Blackrock Clinic sees profits dip on reimbursement rates

Newly filed accounts show private hospital generated pretax profits of €13.1m last year

Dublin's Blackrock Clinic saw pretax profits fall slightly last year due to reimbursement rates from health insurers.

Accounts recently lodged at the Companies Registration Office show the private hospital generated profits of €13.1 million in 2015, as against €13.5 million a year earlier.

The clinic, which has spent more than €150 million on medical equipment and facilities over the last nine years, including €5 million in 2016, said it did not receive a rise in reimbursement rates last year, which had offset a “strong increase” in impatient and day care activity.

“The reason profits dipped in 2015 is that the hospital did not receive a price increase from insurers, however its costs did increase. As well as ongoing medical inflation the hospital experienced general cost increases, including pay,” said chief executive James O’Donoghue.

"It is a similar scenario for 2016 whereby price increases from insurers are not matching the hospital's cost increases, however activity has increased which should offset the impact of declining margins," added Mr Donoghue, who replaced Bryan Harty as head of the company in July.

Loan finance

Turnover at Blackrock Hospital Ltd and subsidiaries rose to €111.4 million in 2015 compared with €93 million in the previous year.

Its corporate tax charge rose to €1.7 million from €1.6 million.
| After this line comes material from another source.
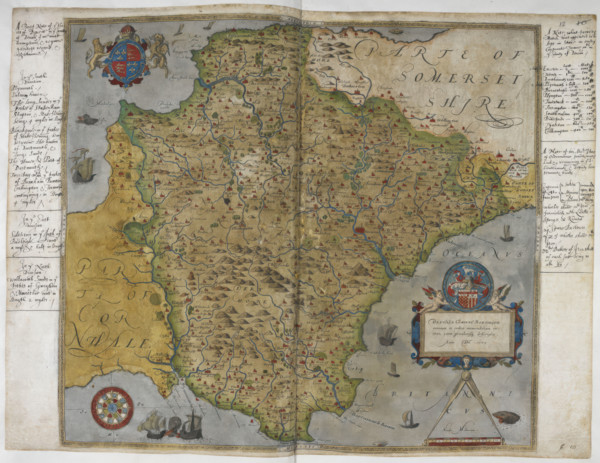 Printed map of Devon, dated 1575, with marginal notes by Lord Burghley relating to the defence of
The hospital negotiated loan finance during 2015 amounting to €62.5 million repayable over seven years together with an overdraft facility.

The company paid €5 million in dividends to shareholders, who include beef baron Larry Goodman, of which €2.9 million was paid prior to the year end. This marks a rise on the €4 million paid out in 2014 but is down versus the €5.6 million dividend awarded in 2013.
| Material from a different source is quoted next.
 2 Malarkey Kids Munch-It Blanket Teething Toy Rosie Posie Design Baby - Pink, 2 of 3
A bitter legal dispute involving shareholders of the clinic continues.

Mr Justice Robert Haughton last month urged the hospital's cofounder Dr Joseph Sheehan and Breccia, whose co-directors are Mr Goodman and Declan Sheeran to have an "open and honest" discussion about the issues in dispute.
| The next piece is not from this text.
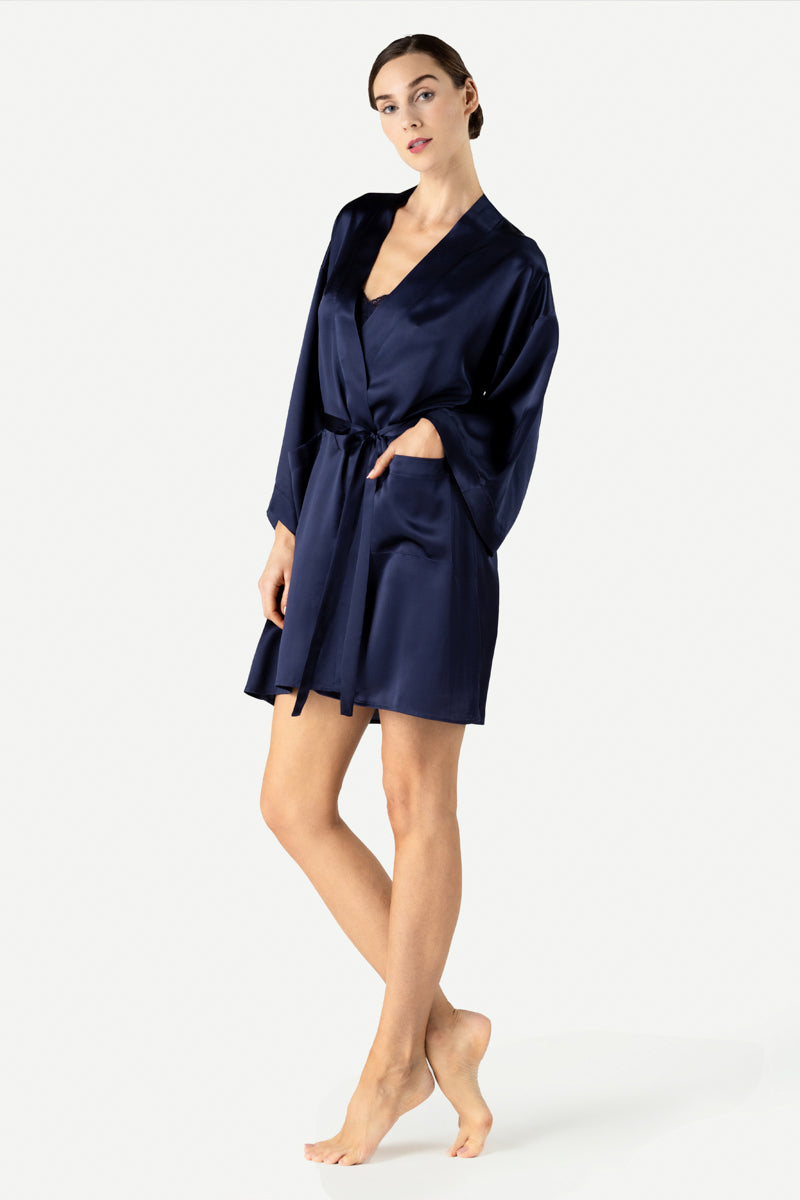 NK IMODE Zero Waste Robe in evening blue, stylish and eco-friendly robe shown from the side view.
He warned that continuation of the “negative and destructive” litigation was neither in the interests of the hospital nor the parties.

Hermitage

Separately, accounts for the Hermitage Medical Clinic in Lucan, of which Mr Goodman is also a shareholder, reported a 36 per cent drop in profits last year despite a 10 per cent rise in revenues.

The 112-bed hospital saw profits decline from €2.98 million to €1.91 million on turnover that increased to €63 million from €57 million.

The accounts show the clinic has received €26 million in funding from shareholders since it opened in 2006. Other shareholders in the hospital include developer Sean Mulryan.

Shareholders’ deficit at the end of December 2015 totalled €8 million, down from €9.3 million a year earlier.

The hospital employed 406 people last year with staff-related costs amounting to €21.9 million, as against €19.5 million in the prior year. Directors’ remuneration rose to €842,284 from €698,672.